Hello everyone! I am just getting started in Bowhunting and have learned a lot from each one of your posts. I haven't yet purchased my first bow, I have borrowed friend's and shot at the proshops. I am looking for a left handed great starter bow that I can probably find fully dressed for $300.00 to $400.00, or even less if possible. Specs are 28.5" to 29", preferably a 60 to 70lb draw. I welcome all suggestions and am eager to get started and put down some great deer.

Two quick questions, how do you PM, and what does ttt mean?

Thanks to you all...


----------



## J.C. (Aug 20, 2004)

*Welcome*

to a fellow Louisianaian! 

To P.M. somebody click on their user name. You'll see a drop down menu. click on send Private message and go from there.

ttt is short for to the top. Any time anyone posts on a thread it gets moved to the beginning of the list for that forum. Posting ttt or bump or ^ is a quick way to do that.


John


----------



## bowfisher 51 (Jan 20, 2006)

Welcome to Archery Talk, Buckhunter316........Hope you enjoy the site.....


----------



## Buckhunter316 (Feb 14, 2006)

*Thanks 41 Mag...*

I appreciate the help. It makes sense... Nice to meet you..


----------



## sdavis (Aug 22, 2005)

*welcome buckhunter*

keep your eye out in the classifieds for a lh bow good luck


----------



## Tim Roberts (Jul 13, 2002)

:welcome: to AT Buckhunter316. If you search the Classifieds I'm sure you'll find a bow to get you started. Hope you enjoy the fun here.


----------



## hawgdawg (Sep 8, 2002)

41mag and buckhunter316 where in Louisiana are yall at.


----------



## GregC (Dec 1, 2005)

*Welcome*

Welcome to AT. I got my first bow here on AT last month. A lot of great deals here.:wink:


----------



## J.C. (Aug 20, 2004)

hawgdawg said:


> 41mag and buckhunter316 where in Louisiana are yall at.

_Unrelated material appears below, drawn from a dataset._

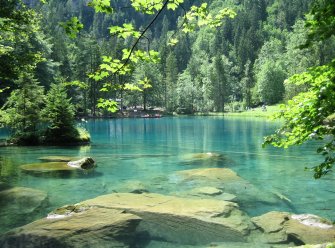 Jezioro Blausee niedaleko Kandersteg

Outside of Vivian. Northwest corner of the state.


----------



## hawgdawg (Sep 8, 2002)

Know right where it is. I lived in Shreveport several years ago and have moved to Many. I do some hunting around Benton.


----------



## Buckhunter316 (Feb 14, 2006)

*Reply*

I'm in Baton Rouge. Do most of my hunting in the Spillway and a little around Gonzales.


----------



## GregC (Dec 1, 2005)

*Bows*

Hey Buckhunter316, do you ever go to Bowie's or Spillway Sportsman? Some of us go there to shoot.


----------



## Buckhunter316 (Feb 14, 2006)

*Sure*

I go to spillway sportsman about twice a month to look at all the stuff. I was looking at a used PSE Triton they had there, a Diamond setup, as well as a Bowtech, but I don't have all that much to spend right off. Where do they shoot? I've never seen the range.

I've talked to the guys a Bowie's on the phone a few times, asking advice.

Both places have some extremely smart archers... I learned just as much from them as reading..


----------



## julesj93 (Jul 6, 2005)

*Welcome To AT Bowhunter316*

Have a great time here, you've sure come to the right place to become a great Archer


----------